Hacking on Isabelle/ML

This is less a post than a couple of notes to myself; but perhaps they might also be helpful to others when starting out. I may extend or update it later.


General: along with the official Isabelle Homepage there is isabelle.systems, collecting helpful links to other sites.

Specific to Isabelle/ML:

Basic Isabelle/ML

This is just a collection of helpful functions so I’ll have a place to look them up once I inevitably forget about them again.

How to execute code?

Useful antiquotations:

  • ML‹code› executes the ML code; the surrounding theory can be accessed via antiquotations, especially @{context}. Some functions may complain about a “missing local theory context”; use these either from inside an Isabelle command or with local_setup
  • local_setup‹code› expects the code to have type Proof.context => Proof.context, i.e. to modify the given theory context. Useful for hacking on functions that should eventually be called from an Isabelle command

Printing things

Printing any value that can reasonably be printed:

writeln (@{make_string} ...)

Pretty-printing terms (color-coding of variables depends on context):

Pretty.writeln (Syntax.pretty_term @{context} intr)

What are types?

Types are a simple ADT:

datatype typ =
  Type  of string * typ list |
  TFree of string * sort |
  TVar  of indexname * sort
  • Type (name, args) is an instance of type name (the name is qualified, e.g. Nat.Nat instead of just Nat). If this type is parameterised, then its arguments go into args
  • TFree (name, sort) is a type variable (e.g. 'a)
  • TVar ((name,index), sort) are schematic variables which may occur e.g. in theorems and can be instantiated. Values with the same name but different index are not considered equal.

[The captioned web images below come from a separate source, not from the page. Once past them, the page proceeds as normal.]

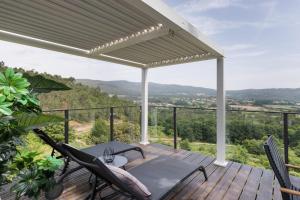 Quinta das Pedras Novas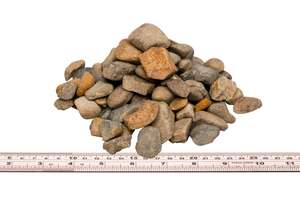 Irish Gold 12/20mm 25Kg Bag | Auckland, Hamilton, Tauranga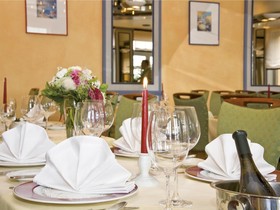 Hotel Seehof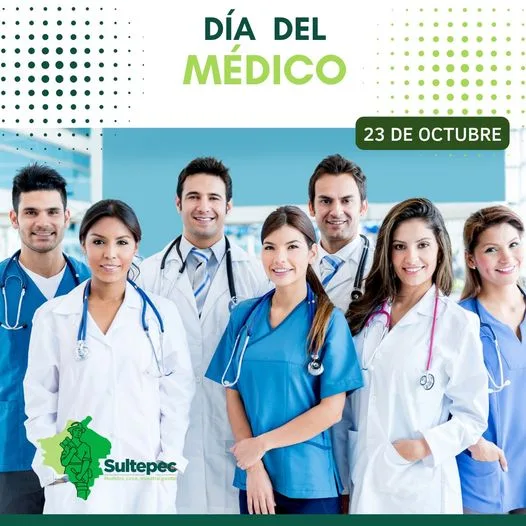 1698075165 Feliz Dia del Medico celebramos su dedicacion a la salud jpg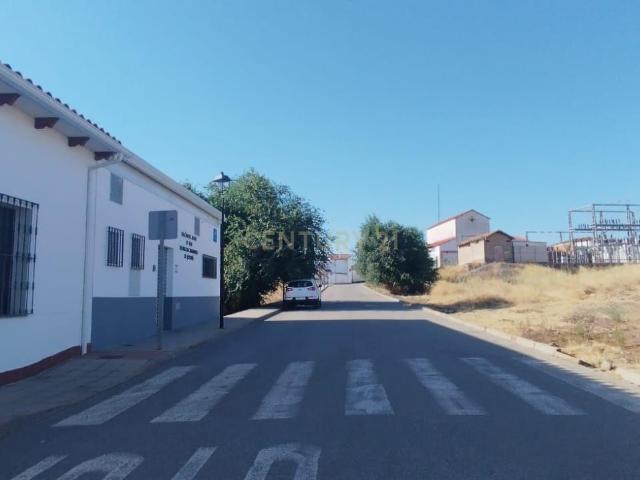 Terreno en venta en Azuaga, Extremadura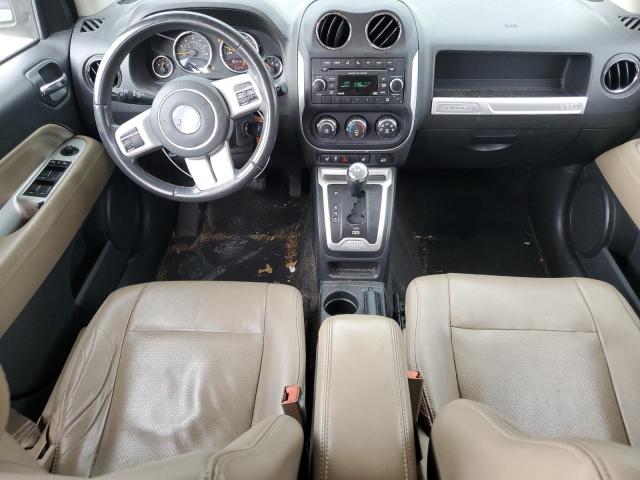 2015 JEEP COMPASS LA - 1C4NJDEB2FD207382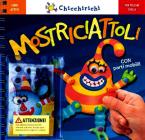 Mostriciattoli... che si muovono! Con gadget
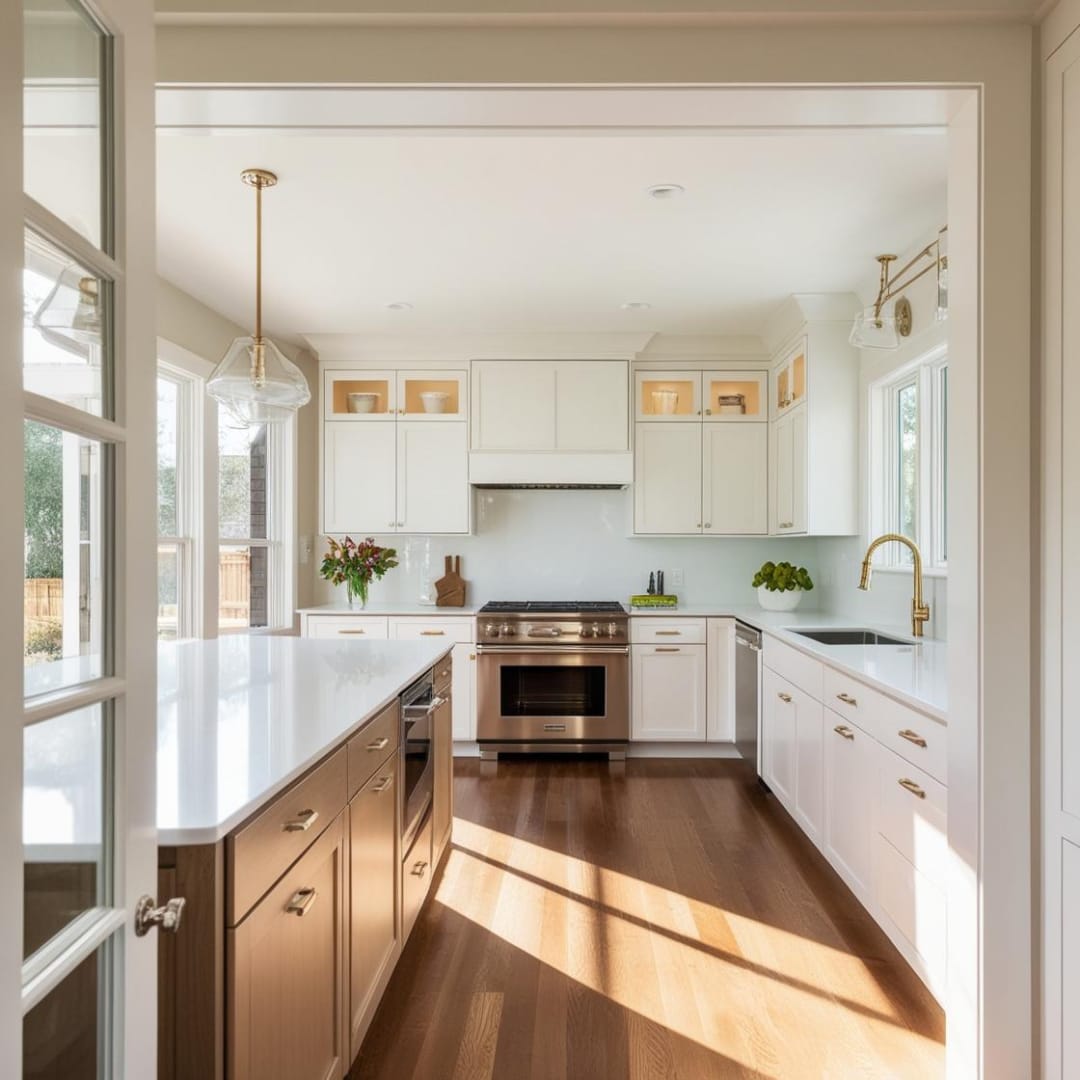 How to Get Your Home Ready to Sell: Expert Tips from The Manna Group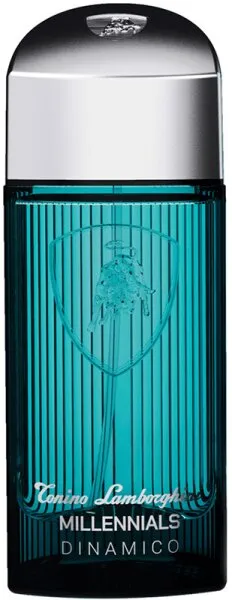 Tonino Lamborghini Millennials Dinamico Eau de Toilette (EdT) 75 ml Tonino Lamborghini Millennials Dinamico Eau de Toilette (EdT) 75 ml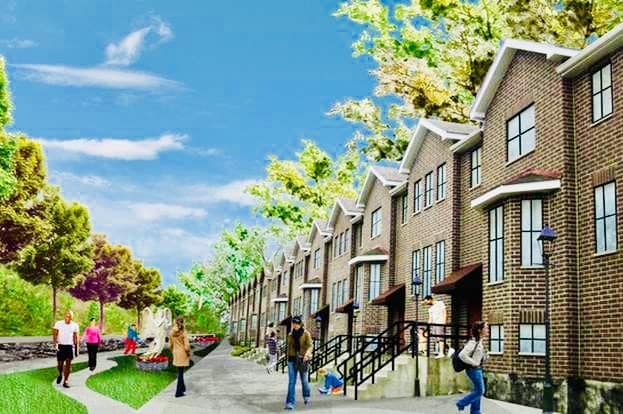 2501 W 36th St, Unit 13 in Chicago, IL - Building Photo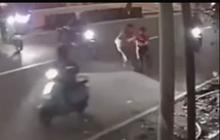 Komplotan Begal Petugas Damkar Ditangkap di Hotel Pluit Jakut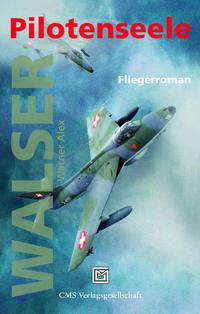 Vorderes Coverbild Pilotenseele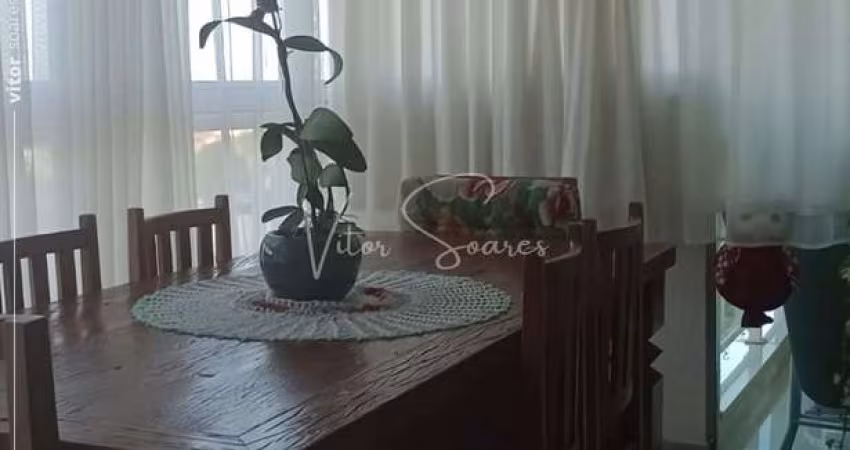 Apartamento á venda em Birigui no Duetto Peróla: Apartamento com 3 quartos, um suite e todos com armários, sacada gourmet e duas vagas de garagem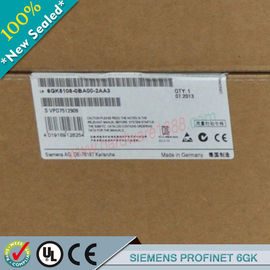 SIEMENS SIMATIC NET 6GK 6GK5201-3JR00-2BA6 / 6GK52013JR002BA6 supplier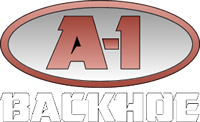 A1-Backhoe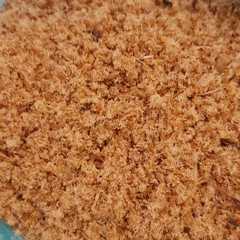 Abon Ikan Tongkol রেসিপির প্রধান ছবি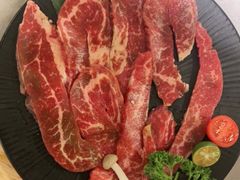 -韩宫宴烤肉·黑毛和牛·料理(合肥滨湖银泰城店)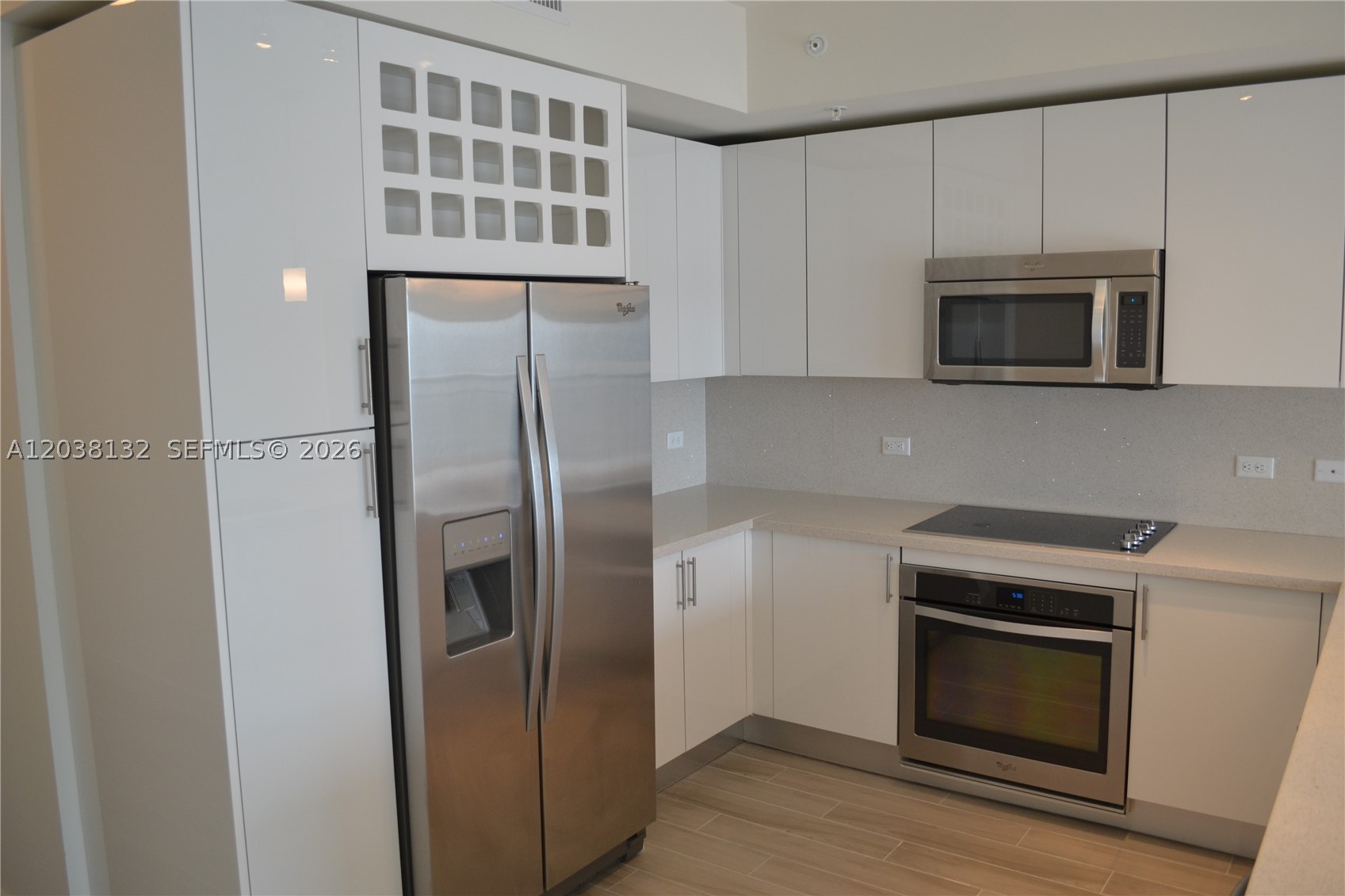 999 SW 1st Ave #3202, Miami FL 33130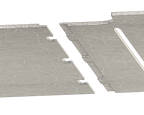 Ford Transit Premium Synthetic Subfloor System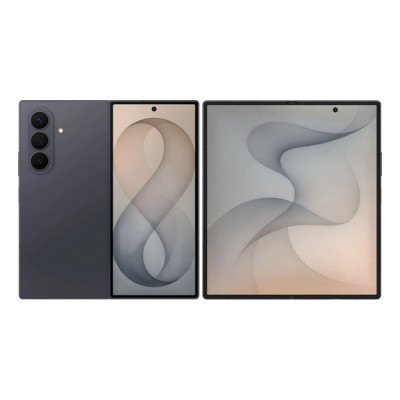Смартфон Samsung Galaxy Z Fold8 Ultra 12/512 ГБ Graphite
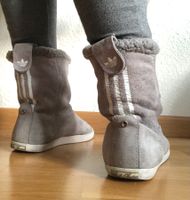ADIDAS ORIGINALS Booties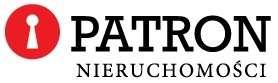 Logo: Patron Nieruchomości
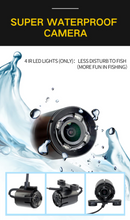 Load image into Gallery viewer, UNDERWATER FISHING CAMERA
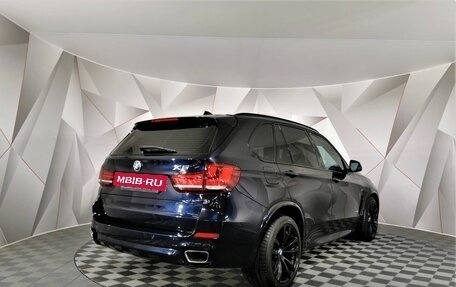 BMW X5, 2016 год, 3 495 000 рублей, 2 фотография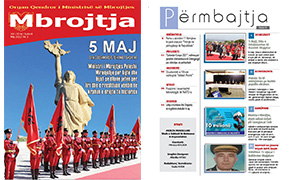 revista maj 2022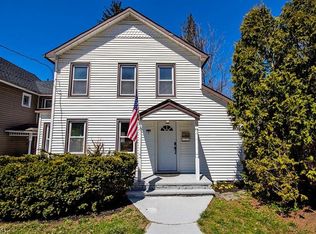 5 Munson St, Sussex, NJ 07461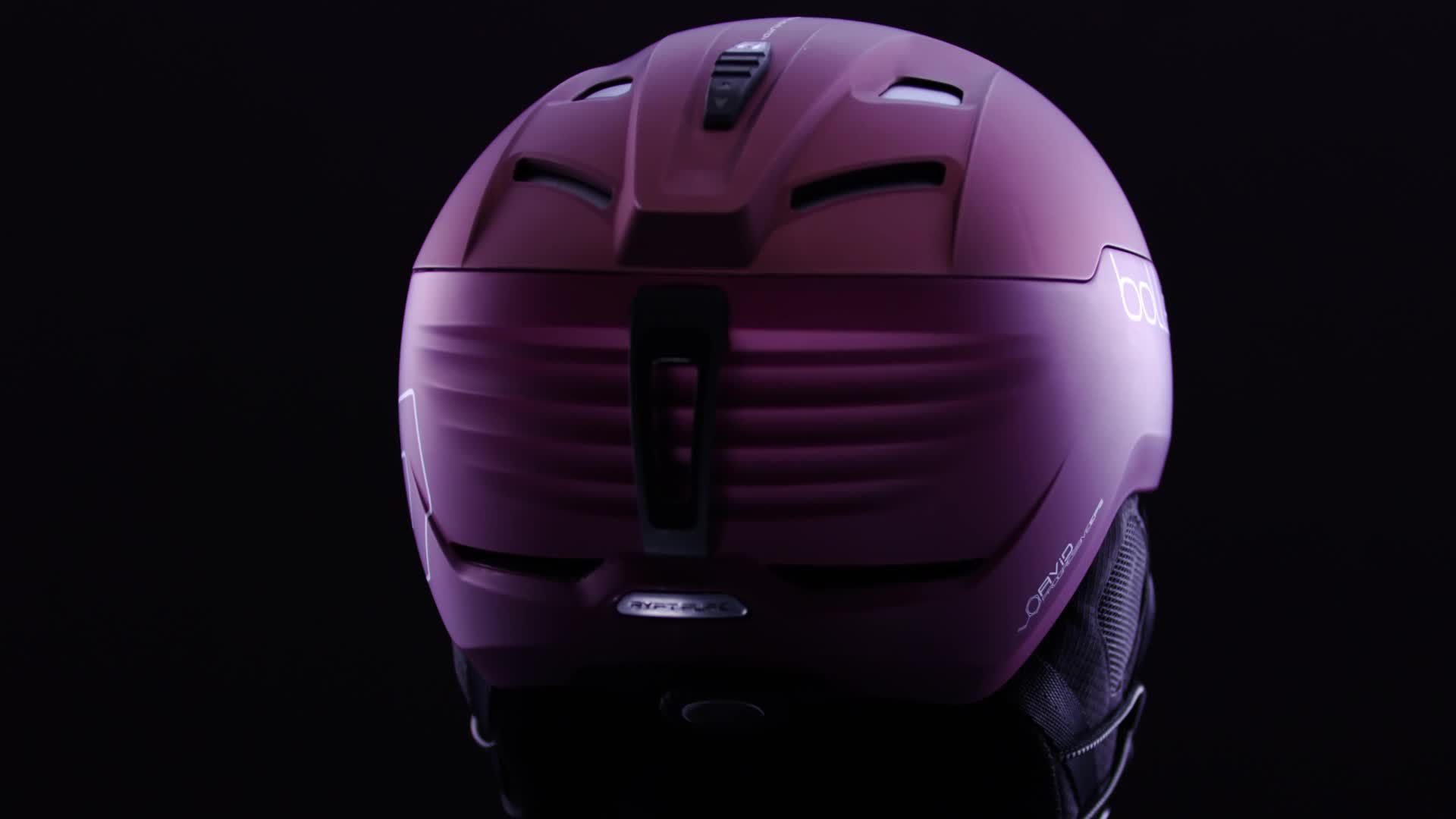 Bolle Adult Ryft Pure Snow Helmet product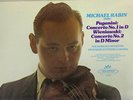 PAGANINI Violin 1  Wieniawski / MICHAEL RABIN  S-60222
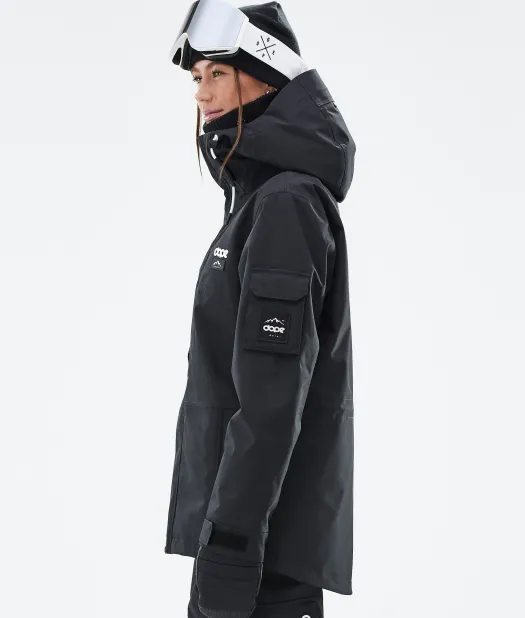 Adept W|DOPE SNOW Discount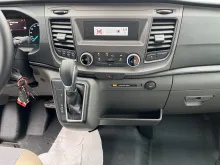 Fahrzeugbild Bürstner Lineo C 590 170 PS Automatik #16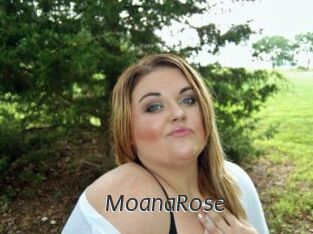MoanaRose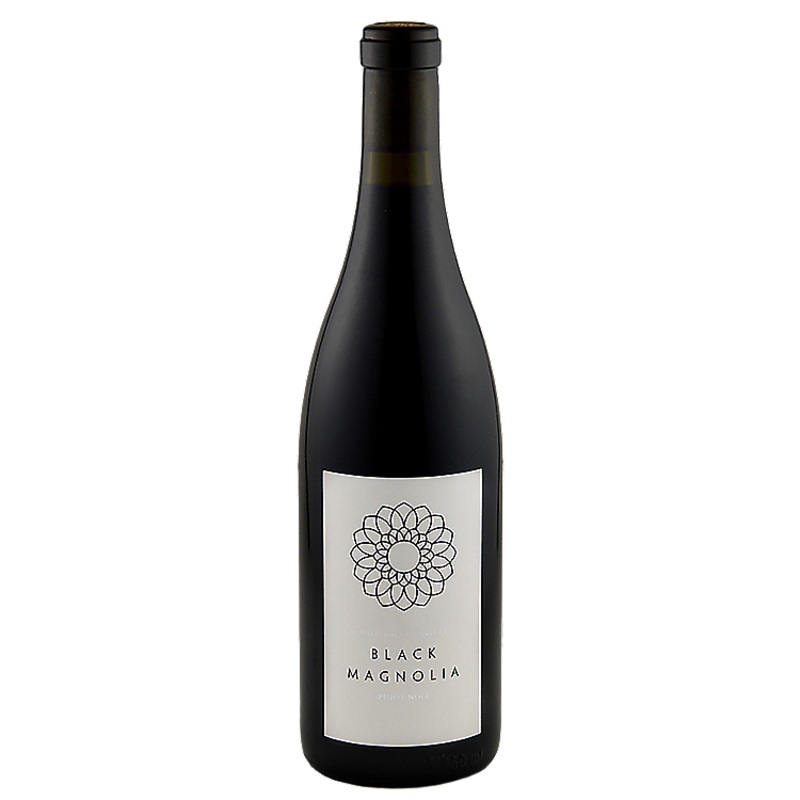 BLACK MAGNOLIA PINOT NOIR WILLAMETTE VALLEY 2021 750ML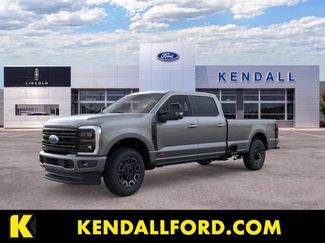 New 2026 Ford F350 Platinum AWD/4WD video 1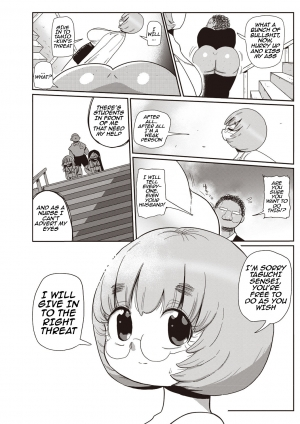  [Kiliu] Ike! Seijun Gakuen Ero-Mangabu | Innocent School's Ero-Manga Club Ch. 1-3 [English] [PHILO] [Digital]  - Page 59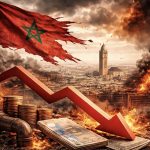 الاقتصاد المغربي ينهار!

Additionally, there’s also Term.dummyT (which is really Type ("dummy", [])). This is used to leave the type unspecified. Terms using this type may lead to errors if passed to functions which do not expect them (but usually they are resolved during type inference).

Note that there is no extra builtin function type; a ⇒ b is represented simply as Type ("fun", [a,b]).

What are terms?

Terms are also simply an ADT implementing Isabelle’s take on the lambda calculus:

datatype term =
  Const of string * typ |
  Free of string * typ |
  Var of indexname * typ |
  Bound of int |
  Abs of string * typ * term |
  $ of term * term
  • Const (name, type) are constants defined outside of the term (this may include function symbols, quantifiers, concrete values like true~/~false, datatype constructors, etc.)
  • Free (name, type) are free variables (when pretty-printed in jedit, these are printed in blue)
  • Var ((name,index),type) are schematic variables that can be instantiated, e.g. when they occur in a theorem (usually printed with a leading question mark); values with the same name but different index are not considered equal
  • Bound index is a variable bound by a lambda in the same term, referred to using a deBruijn-index (dangling indices lead to errors). Note that in this case the variables type and name are still recorded, but as part of the lambda abstraction
  • Abs (name,type,body) is the expression λname : type. body
  • a $ b is function application

Truly a lot of ways to represent a variable!

Note that all names must always be qualified by theory name (antiquatations do this automatically — don’t forget to insert theory names when replacing one with a concrete term!).

What are sorts?

There is one important other detail: sorts. These give an extremely simple meta-logic over types: each sort is just a list of strings, and “subsumes” all lists which contain (at least) the same elements.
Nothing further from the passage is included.